Première partie : La chimie en Provence avant 1914
Intervenant : M. Xavier DAUMALIN

La chimie est une industrie séculaire en Provence. Il existe des savonneries à Marseille depuis le XIVe s., et le soufre est exploité dès le XVIIe s. Elle atteint son apogée au cours du XIXe. A la veille de la première guerre mondiale, cette industrie subit la concurrence d’entreprises étrangères, plus modernes, mieux structurées. Les principales filières sont sur le déclin. Pourtant, certains secteurs rebondissent. Cette période illustre comment les industries chimiques ont reçu de plein fouet puis intégré le modernisme et la réactivité anglo-américaine.

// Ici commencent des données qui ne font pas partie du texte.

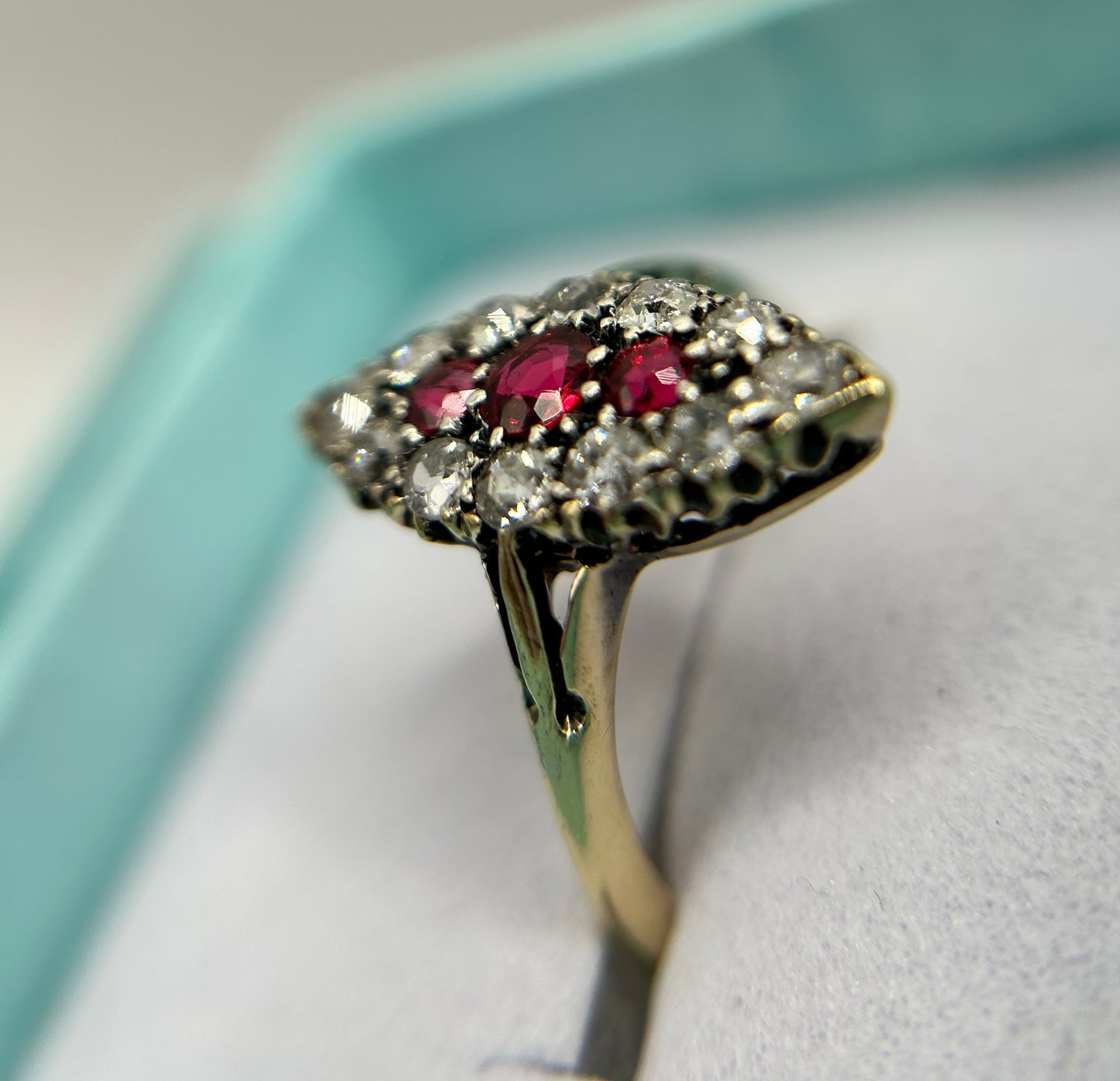 Stunning Vintage 18ct Gold Diamond & Red Spinel Marquise/Navette Cluster Ring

Les grands marchés sur le déclin

Savonnerie à MarseilleLe savon

Au XIXe, l’industrie chimique phare de la Provence est le savon. On compte en 1911 pas moins de 40 entreprises, produisant 2000 tonnes, soit 50% de la production française. Ces entreprises ont une structure ancienne inadaptée à l’évolution du marché : trop nombreuses, divisées, elles manquent de fonds de roulement. Les huileries, principales clientes des savonneries, ont découvert de nouveaux débouchés : margarine, végétaline. Elles imposent leurs prix aux savonniers. Dans ce contexte difficile, ces derniers doivent aussi concurrencer l’anglais Lever, qui met en place un modèle d’entreprise intégrée, avec une forte concentration verticale, et une maîtrise interne des coûts. Lever possède des savonneries, des huileries, et dispose de ses propres voies maritimes. L’anglais s’installe à Marseille en 1913. Les savonneries ne peuvent résister.

Le soufre

Cette industrie connaît une forte croissance au cours du XIXe s. Les entreprises marseillaises, leader mondial au début du siècle ont comme principal concurrent les américains, à travers les « Raffineries Internationales de Soufre » (RIS), qui représentent 20% du marché. Un nouveau procédé, le procédé FRASCH, vient révolutionner ce marché. Il permet de s’approvisionner en Louisiane. Les américains, comme dans la compétition entre Lever et les savonniers, ont une organisation moderne et verticale (liaisons maritimes) qui leur permet de s’imposer sur les entreprises marseillaises.

La soude

Usine Solvay de SalinsEn 1911, on compte 20 soudières en Provence : Marseille, Septêmes, Istres, et même Porquerolles ! A tel point qu’on parle du « littoral de la Soude ». Toutes ces soudières utilisent le même procédé : le procédé Leblanc. Or ce marché est bouleversé par le nouveau procédé Solvay, moins cher et moins polluant. Pour résister, les entreprises tentent de développer la filière de la soude à l’ammoniac, notamment à Salins et dans le Vaucluse. Mais Solvay implante une usine à Marseille et en 1902 les marseillais renoncent à produire de la soude. Mais d’autres horizons se profilent pour les soudières…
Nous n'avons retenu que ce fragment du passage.